Lo stato di conservazione di Palazzo Soleri e le criticità presenti nella via adiacente sono approdati questa sera in Consiglio comunale a Taggia, attraverso un'interrogazione presentata dal gruppo consiliare Progetto Comune. La consigliera Fulvia Alberti ha chiesto chiarimenti sulle condizioni dell'edificio, sul degrado del tetto, sul sistema di raccolta delle acque meteoriche e sugli eventuali interventi previsti dall'amministrazione.

A rispondere è stato l'assessore ai Lavori pubblici Manuel Fichera, che ha confermato come gli uffici siano a conoscenza delle problematiche evidenziate. "L'ufficio è a conoscenza di queste problematiche, manifestatesi a seguito di piogge forti e consistenti.
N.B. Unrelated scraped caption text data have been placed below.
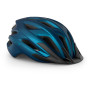 Casque vélo MET Crossover bleue modrá metalická matná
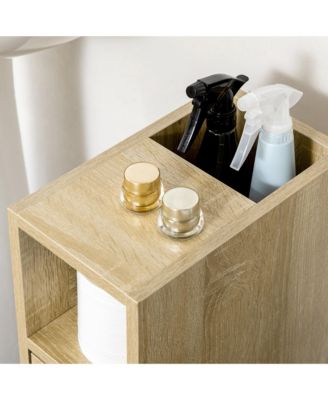 27"H Wood Durable Essential Storage Bathroom Cabinet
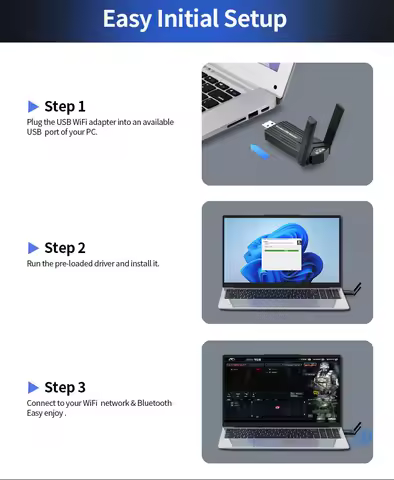 1800Mbps WiFi 6 USB Adapter 802.11AX 2.4G/5GHz USB3.0 Wireless Network Card Antenna Wi-Fi Dongle MT7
È previsto un intervento entro la fine dell'estate, in particolare per il ripristino del sistema pluviale retrostante e per alcune manutenzioni", ha spiegato.

L'assessore ha però escluso che, allo stato attuale, vi siano criticità di natura strutturale. "Ad oggi non è stato segnalato alcun problema strutturale della palazzina".

Per quanto riguarda il possibile rifacimento della facciata, Fichera ha chiarito che al momento non rientra nella programmazione dell'ente. "Al momento, per quanto ci piacerebbe, non è previsto il rifacimento della facciata. Sarebbe utopico pensare di poter intervenire ovunque. Le risorse a disposizione sono state destinate alle opere prioritarie. Certamente non ci dimentichiamo di Palazzo Soleri: stiamo valutando interventi interni per valorizzare la fruibilità degli spazi occupati dalle associazioni. L'obiettivo è procedere gradualmente con interventi mirati, ma non è previsto un intervento massivo e importante".

L'assessore ha inoltre precisato che, allo stato attuale, "non è stato presentato alcun progetto", facendo così decadere anche l'ipotesi di un coinvolgimento della Soprintendenza.

Nel corso del dibattito, Alberti ha chiesto un chiarimento sul tetto dell'edificio, osservando come le infiltrazioni non possano essere sottovalutate. 

"Il tetto non è un problema strutturale?", ha domandato.Fichera ha replicato distinguendo tra le infiltrazioni e un eventuale rifacimento completo della copertura. "Nel momento in cui è totalmente da rifare, sì. Se ci sono solo perdite d'acqua, non è un problema di tipo strutturale. Si andrà a intervenire in maniera mirata. Il rifacimento del tetto è un'altra cosa".

Al termine della discussione, la consigliera di opposizione si è dichiarata insoddisfatta della risposta ricevuta, richiamando anche un'altra vicenda. "Non sono soddisfatta della risposta. Mi sembra che sia una situazione che si verifica troppo spesso. Penso anche a Villa Curlo, per la quale avevo chiesto una risposta scritta diversi mesi fa e non l'ho mai ricevuta, quindi ripresenterò l'interrogazione. A Villa Curlo questi problemi hanno portato anche al crollo di un soffitto al primo piano".

L'assessore ha quindi replicato anche sul tema di Villa Curlo. "Per quanto riguarda Villa Curlo, le risposte sono state date in Consiglio comunale e riguardavano questioni risalenti a 30 o 40 anni fa. Con tutto il bene del mondo, faccio l'assessore da cinque anni e non si può andare a ritroso di quarant'anni".

Un'affermazione alla quale Alberti ha risposto ribadendo la propria posizione: "Io rispetto questa considerazione, ma se ci sono problemi si va a ritroso anche di quarant'anni".